Regarding personality types... 
ESFJ (her)= emotional, people pleaser, moral chameleon.

INTJ (me)= Quiet thinker, very resolved on what is right/wrong, has a complex path or thought for seemingly simple things in life. Emotionally stable or mellow.


----------



## manfromlamancha (Jul 4, 2013)

cdbaker said:


> Manfromlamancha: Those acronyms refer to the Myers-Briggs Personality Type Indicator. If you google it, you'll find that it's a long quiz of sorts that helps you analyze your personality type and from there can help show you what types you are compatible with or will conflict with the most.

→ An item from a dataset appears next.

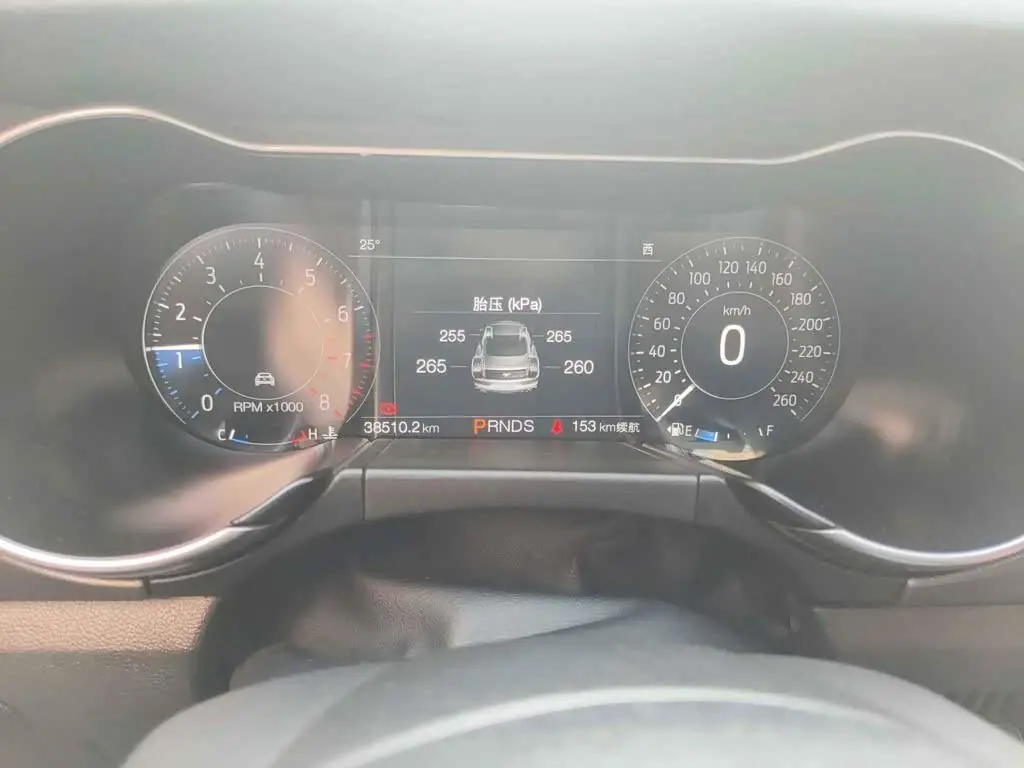 Ford Mustang 2022 — Photo 4/13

Thanks - actually had Myers Briggs personalities done for all the execs (including me) in my company but it came out with colours etc. - red blue yellow green etc. but I get the idea. Cheers.


----------



## IndecisionIsTorture (Oct 9, 2013)

Beacon of Hope said:


> I am seeking additional opinions whether her actions are:
> 1) Correctable (at this point after three MC's over two years)?
> 2) A product of her upbringing, or malice?
> 3) If love (i.e. the release of oxytocin in the pituitary gland, leaving an impression on the hippocampus) is likely to ever exist here. Can one go from 14 years of charity case to love?


1) No.
2) I don't see why it matters.
3) No.


----------